Silent Night Deadly Night 4 : The Initiation
Clint Howard watching a flaming corpse fly off a roof? Now THAT’S how you start a movie! Between this, Reggie Bannister and Allyce Beasley (the receptionist from Moonlighting), I have high hopes for this film. Seeing Brian Yuzna in the director’s chair is another good sign. The director of Return of the Living Dead 3 (arguably the most iconic of the series with it’s pierced heroine) and several of the Re-Animator films, this is a guy who gets how to make a solid, memorable piece of horror, especially a sequel. He also knows enough to hire someone like Screamin’ Mad George to sling latex and create horrific monster FX, not to mention bringing Full Moon alumni Richard Band along to do music.

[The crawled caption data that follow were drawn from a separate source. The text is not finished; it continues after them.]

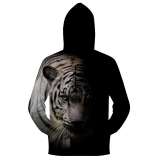 Tiger Print Jacket Mens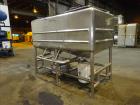 Used Lanco Dual Impellar Likwifier, Model L-500, Approximately 500 Gallon, Stai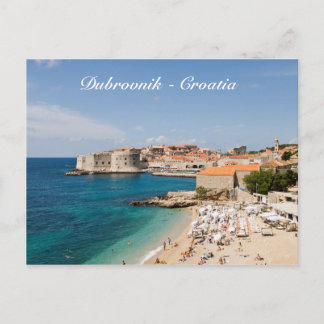 Dubrovnik - Cartão postal da Croácia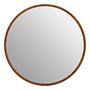 Saska Antique Wall Mirror Iron Brown 0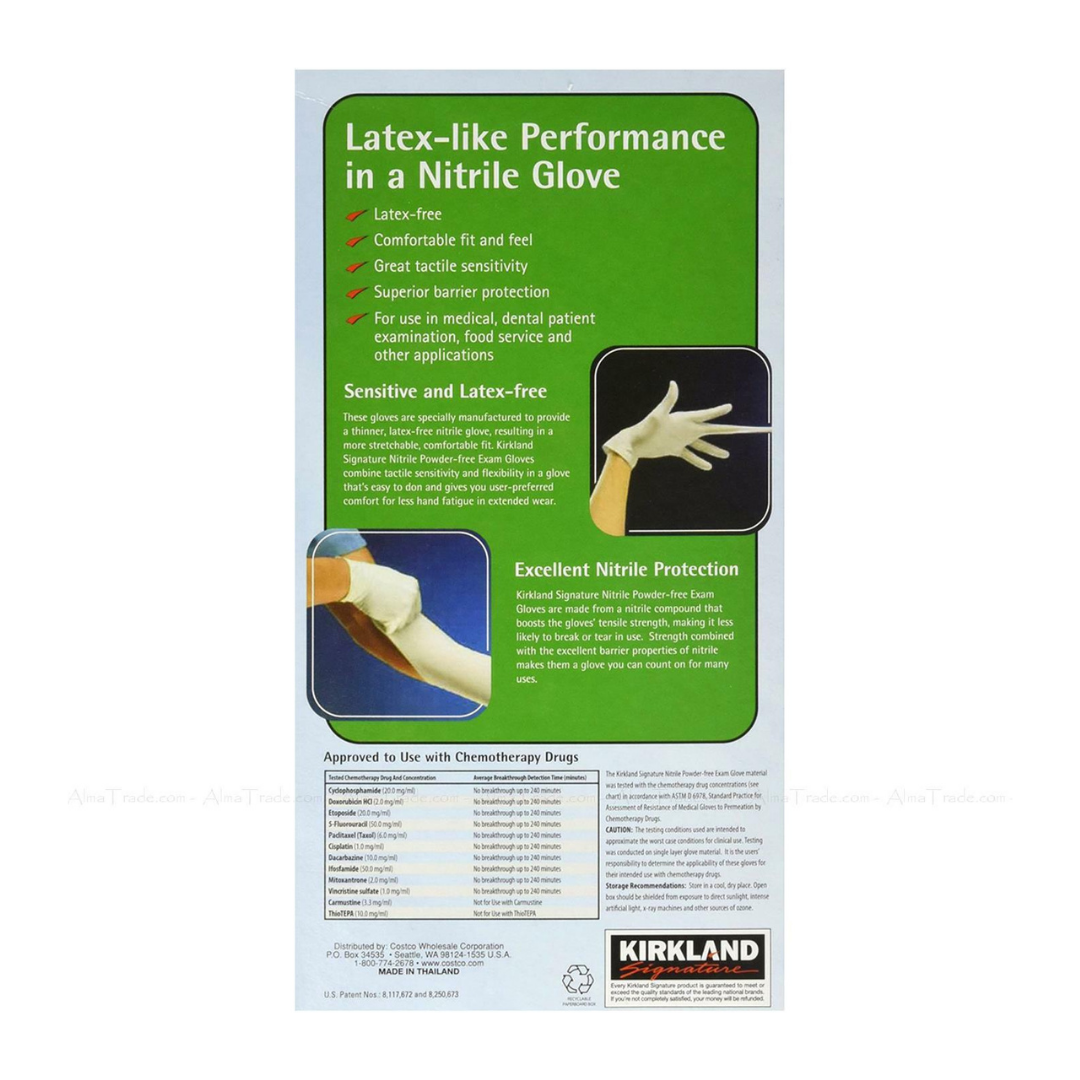 DOC High Risk | Guanti Monouso In Lattice Senza Polvere | 50 Pezzi - Foto 4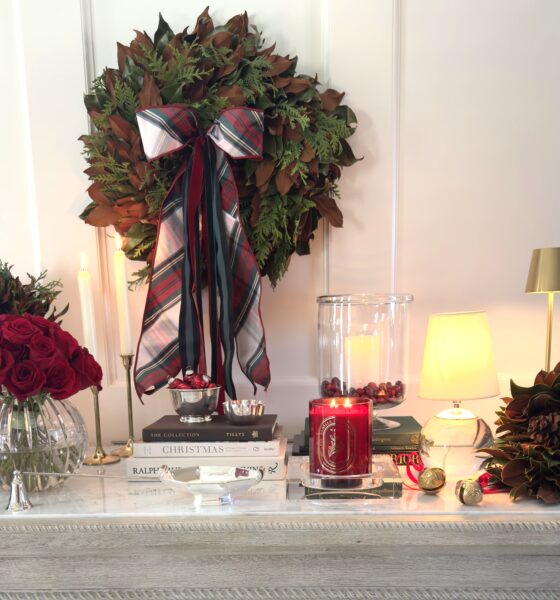 Emerald Lace 18" Wreath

We find ourselves in the bullpen of a newspaper with a classifieds clerk who wants to break in to reporting and thinks the jumper, being ruled a suicide, is her big break. She heads to the jump site where the chalk outline is still fresh and encounters Clint Howard – “Ricky”, as she browses books on spontaneous combustion. He’s a creepy homeless person who follows her to the roof as she checks out the ledge the victim jumped from. Cockroaches seem to follow her home – a problem that will escalate around the half hour mark with the most terrifying giant roach I’ve ever seen, a skull airbrushed into it back. It almost feels like our slasher series is morphing into a horror edged fantasy as our reporter drifts into nightmarish visions.
There’s nothing particularly Christmassy about this story of a young woman, being initiated into a coven of witches. No real connection to the rest of the Silent Night series either unless Clint Howard’s “Ricky” is meant to be Ricky Cauldwell, somehow still alive and now having grown some skin over that brain box from the last film. It’s possible. He almost hints at it during a scene where he watches the dream sequence from SNDN3 and answers “Santa Claus Killer” when asked who he is. He serves the witches and I suppose they could have magically shoved his brain down and generate some flesh to cover it.
In any event, the creepy FX are spectacular and the dreamlike confusion of the film give it a “Serpent and the Rainbow” kind of feel. It’s actually a really good film on it’s own, but feel like it should be it’s own thing and not a part of this franchise. That’s kind of ironic, because it may just be the single best film in this series. No worries though, the crew will be back for the next entry too.